Meltdown and Spectre. (Speed at the price of insecurity?)
Three vulnerabilities in processor chips were publicly disclosed this week (New York Times). One is "Meltdown;" the other two are referred to as "Spectre." They could enable side channel attacks in affected systems. According to Google, whose Project Zero played a prominent role in the research and disclosure, the issues are rooted in speculative execution, which enables the threading that lends processes the smooth speed users expect. Meltdown (CVE-2017-5754) permits ordinary applications to evade security boundaries usually enforced at chip level and access kernel memory. This vulnerability was first reported in Intel chips. Spectre (CVE-2017-5753 and CVE-2017-5715) is the more widespread and potentially dangerous of the two. It enables an attacker to bypass isolation among different applications (Bleeping Computer).
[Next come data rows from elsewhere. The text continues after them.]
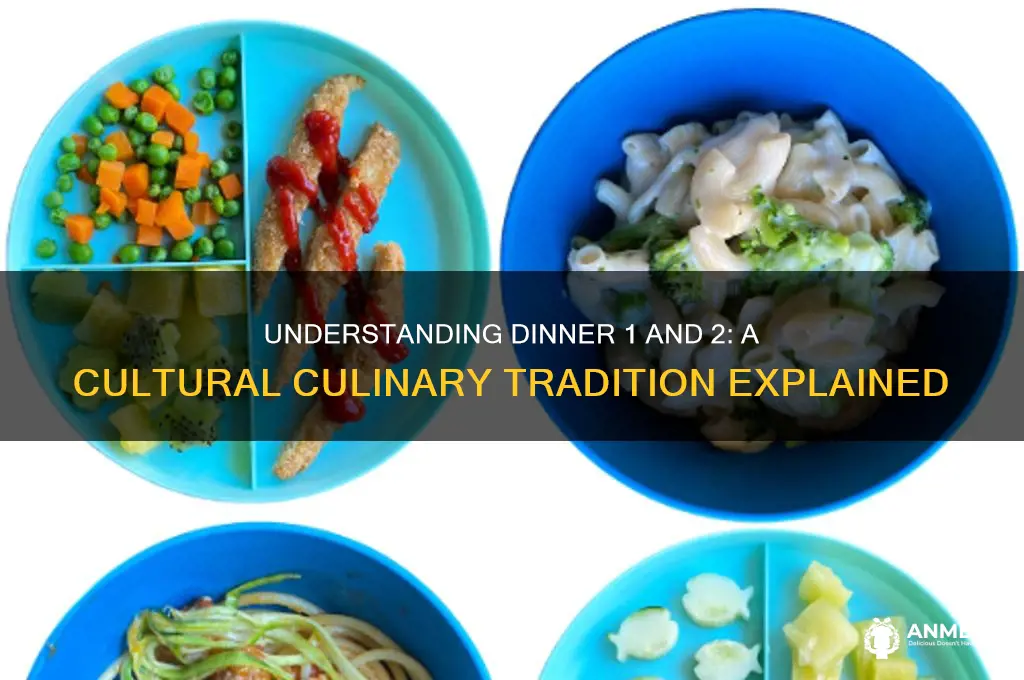 what is dinner 1 and 2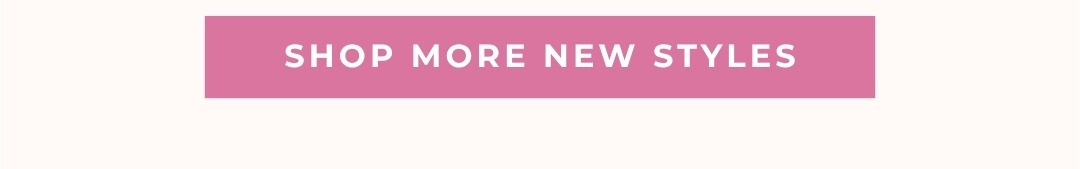Shop More New Styles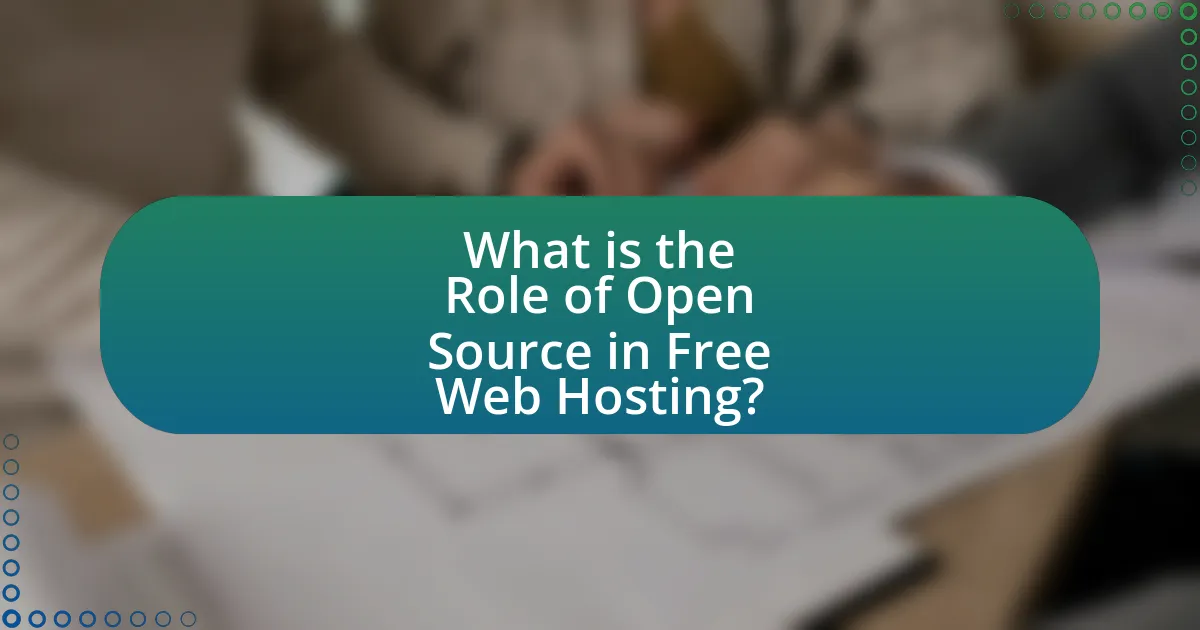 What is the Role of Open Source in Free Web Hosting?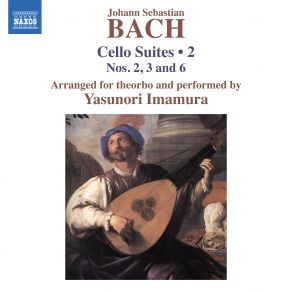 J. S. Bach: Cello Suites (Arr. For Theorbo By Yasunori Imamura), Vol. 2 album cover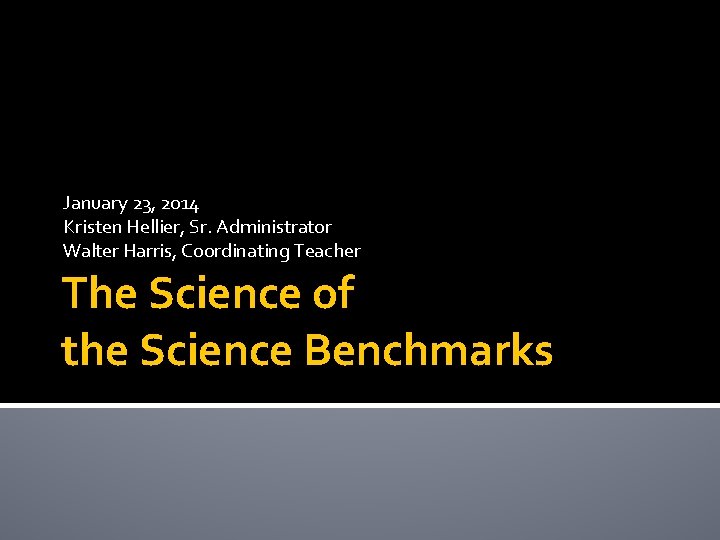 January 23, 2014 Kristen Hellier, Sr. Administrator Walter Harris, Coordinating Teacher The Science of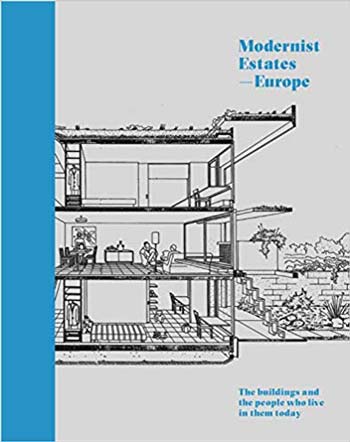 دانلود کتاب Modernist Estates – Europe The Buildings And People Who Live In Them Today, 2019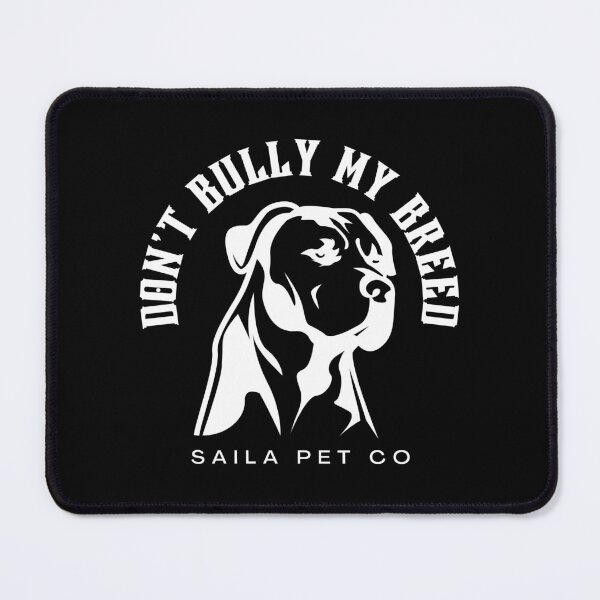 Item preview, Saila Pet Co - Don't Bully My Breed designed and sold by Tizzee.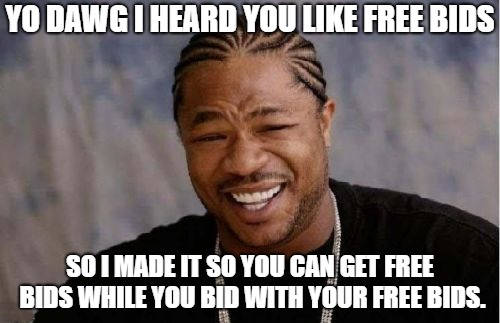 Yo Dawg I heard you like getting free bids on DealDash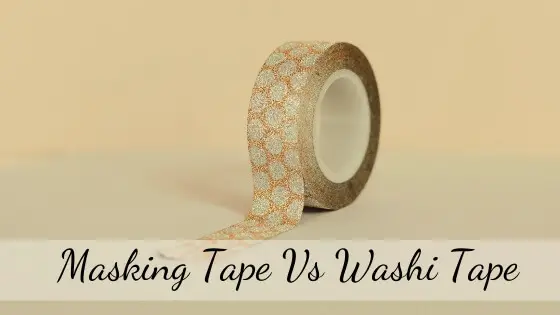masking tape vs washi tape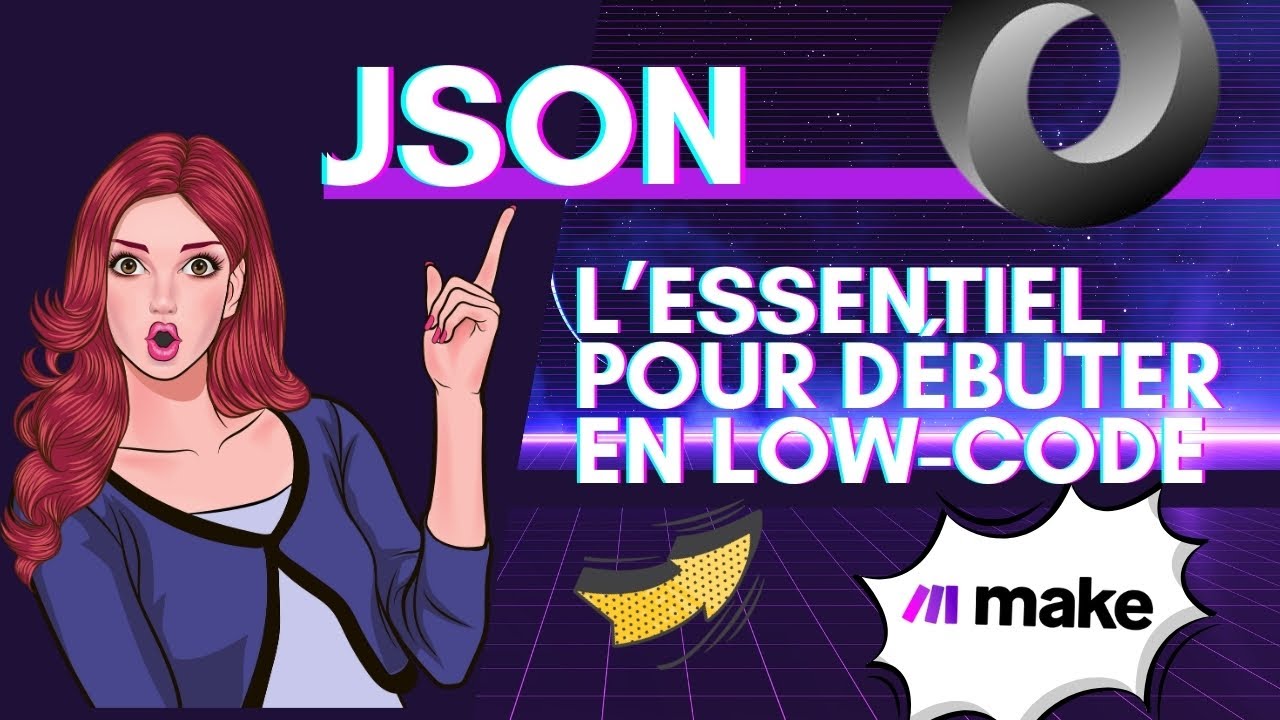 JSON et Low-Code : Explications et Démo avec Make - YouTube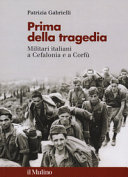 Prima della tragedia : militari italiani a Cefalonia e a Corfù /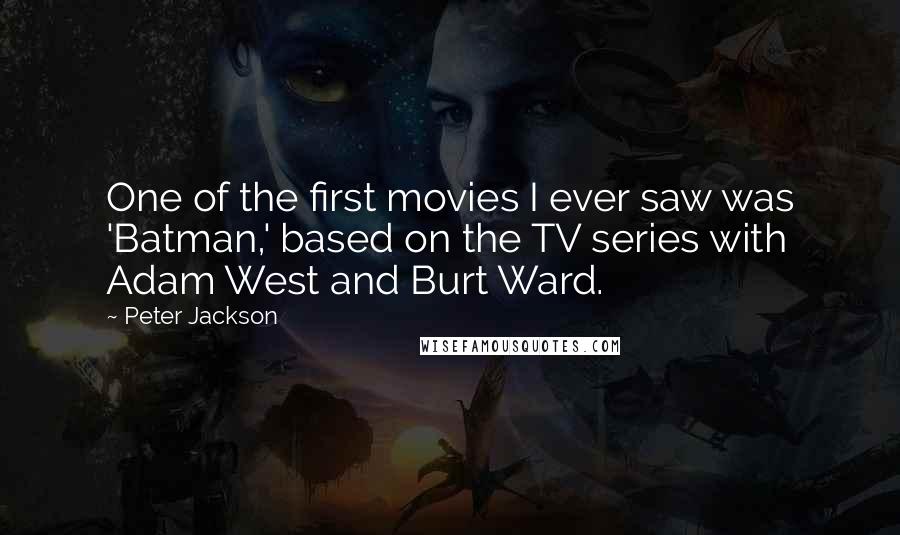 Peter Jackson Quotes: One of the first movies I ever saw was 'Batman,' based on the TV series with Adam West and Burt Ward.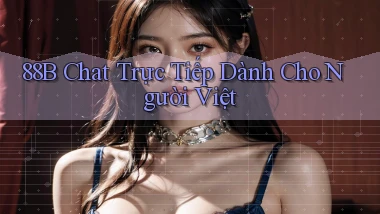 88b chat trực tiếp dành cho người việt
The bugs came to full public attention this week (New York Times). Google had quietly disclosed them to affected vendors some months ago, but working on fixes inevitably involved bringing in a large number of developers in a number of companies, and that inevitably meant that the news was leaking out. A growing conviction that leaks couldn't be contained apparently prompted public disclosure. It also explains the quick if still incomplete preparation of the fixes we saw this week (SANS Internet Storm Center).
Initial reports this week said only Intel chips were affected, but Intel objects to being singled out, and says its products remain the most secure available (CRN). Some competing manufacturers initially said their processors were unaffected, but their optimism was unfounded: most recent processors share the Spectre vulnerabilities, which have been identified in ARM and AMD chips as well (Silicon Valley Business Journal).
Many experts advise that patched devices will run noticeably more slowly. Cloud users should experience similar slowdowns as cloud vendors mitigate the risk of exploitation (CRN). One point worth noting is that there are a lot of ARM chips in Internet-of-things devices. If those are susceptible to Spectre, as they seem to be, that means there will be a lot of small, scattered, difficult-to-the-point-of-impossibility-to-patch IoT devices out there.